You and I know it as the Chevrolet Aveo.
But in South Korea, it answers to Daewoo Gentra, and in Canada they call it a Pontiac G3 Wave.
And beginning next spring, you and I will refer to it as a Pontiac G3 as well as a Chevy Aveo.
In other words, border guards, don't be confused by the name on the passport. While it carries different ID in different countries, this is essentially the same subcompact.
Designed and manufactured by General Motors' Korean cousin, GM Daewoo, this useful little sedan and hatchback is marketed under five GM brands and 11 nameplates in 120 countries. (I suspect that some entrepreneur will come up with a Monopoly variant in which you can build Gentra franchises in Seoul, South Korea, and obtain a get-out-of-the-Aveo-down-payment-free card by landing on a Philadelphia-area Chevy store.)
The Aveo joined the Daewoo merry band as a 2004 model, and it has since undergone a number of cosmetic and mechanical revisions, including the significant changes made for this model year.
The 2009 five-door hatchback model that I tested, called the Aveo5, was restyled inside and out to good effect, and was fitted with a more fuel-efficient version of its 1.6-liter four-banger.
The earlier Aveo had taken a few lumps for its fuel economy, which wasn't as good as its fellow gladiators in the Little Gas Sipper Arena. But the upgrades to its engine have made it a lot more competitive. The Aveo now has EPA mileage ratings of 27 city and 34 highway with the five-speed manual gearbox I found in the test car. The optional four-speed automatic gets 25 and 34. I managed 31.5 in mixed driving, which isn't bad at all.
The 106-horsepower engine that delivers that kind of mileage isn't going to make you exceed your G-force tolerance at a stoplight, but it will transport you in a respectable fashion and allow you to enter an expressway safely.
And you can say something similar about the Aveo's handling. It's not a Honda Civic Si in the corners, but it's safe and sufficient.
The Aveo's comfort marks are certainly higher than its performance grades and, in fact, pretty good for a car that starts at under $12,000. The test car's engine didn't get harsh and buzzy, even when you pushed it hard. The body seemed tight, and road noise was minimal. The only acoustical gripe was the wind noise at highways speeds.
The tester rode well by small-car standards, and got satisfactory grades in braking and steering. Its highest marks were received in Urban Maneuvering. At only 154 inches long, the Aveo is quite adept at navigating Philadelphia streets intended for mammal-powered transit.
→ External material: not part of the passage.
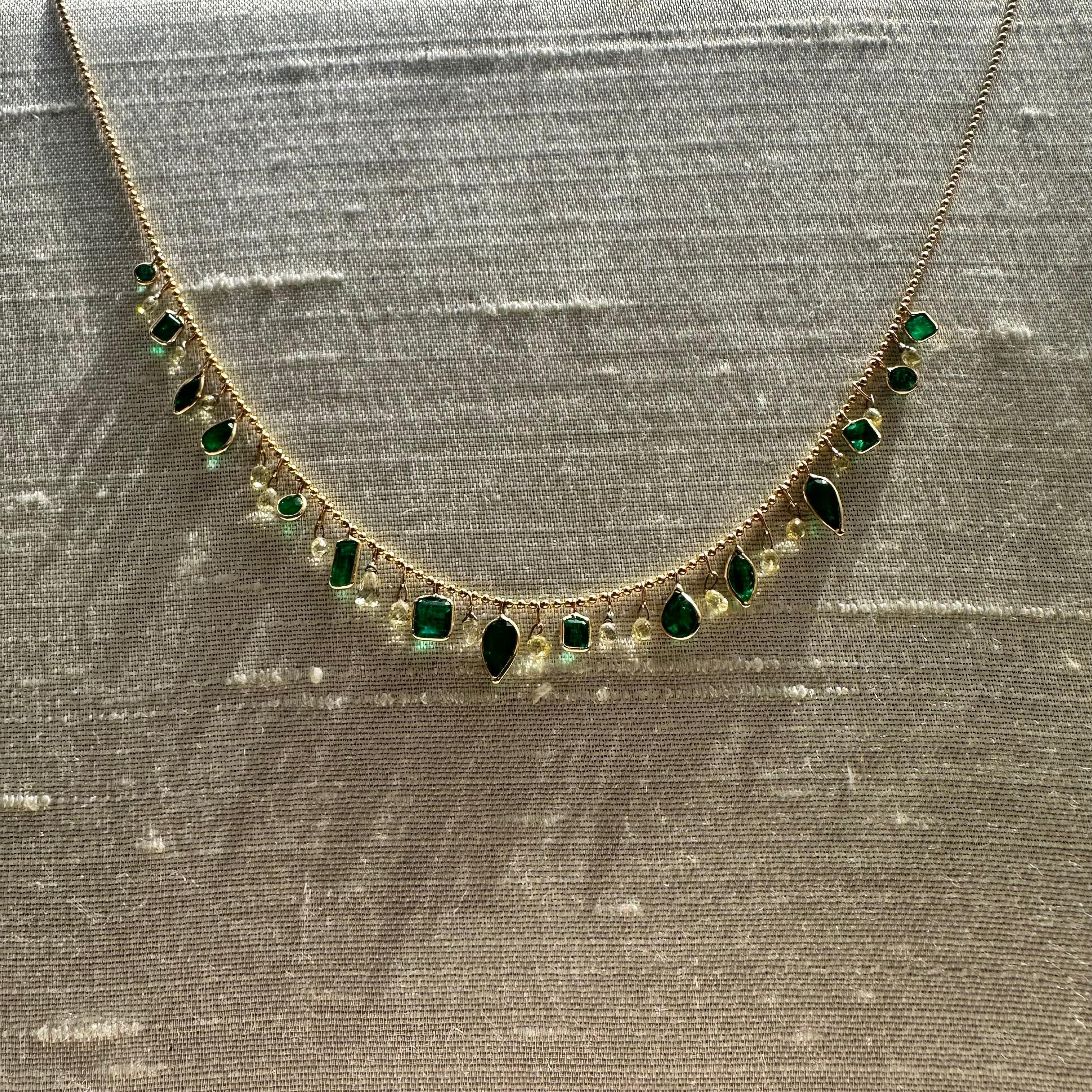 14K 16" Yellow Gold With Dangling Diamonds & Emeralds With All Different Shapes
Given its exterior dimensions, the hatchback tester proved relatively roomy. A nominal five-passenger car, it seated four in comfort, and provided decent rear storage: 11.7 cubic feet with the back seats up, and 42 cubic feet when they are folded flat.
Like its sporty-cute exterior, the Aveo5's interior has been restyled to good effect. The upmarket Aveo5 LT that I drove didn't feature the vast expanses of monochromatic plastic one often finds inside econocars.
Rather, it used an attractive combination of black and beige plastics accented with chrome, aluminum, and synthetic maple veneer.
The dash was a pleasing juxtaposition of smooth and stippled matte black plastic, smooth and grained beige plastic, and chrome and maple accents. The door panels employed the black and beige plastics, the patterned beige fabric used in the car's two-tone seat upholstery, as well as chrome door handles and graceful aluminum door pulls.
At $14,100, the Aveo5 LT that I drove is a bit saltier than the base LS, which opens at $11,965. But, as you might have guessed, it's a nicer ride with a longer list of standard gear.
The Aveo has five-star federal ratings for frontal crashes, and four stars for side crashes and rollover.
Chevrolet Aveo5 LT
Base price: $14,100.
As tested (inc. shipping): $15,435.
Standard equipment: includes 1.6-liter engine, five-speed manual gearbox, power disc/drum brakes, 14-inch steel wheels, daytime running lamps, tire-pressure monitor, rear window wiper/washer/defogger, air-conditioning, premium sound system, tilt steering.
Options: power windows and doors, keyless entry, cruise control.
Fuel economy (EPA city/highway): 27/34.
Engine performance: Adequate.
Warranty: Three years/36,000 miles bumper to bumper.
The Ben Key: Four Bens, Excellent; Three Bens, Good; Two Bens, Fair; One Ben, Poor.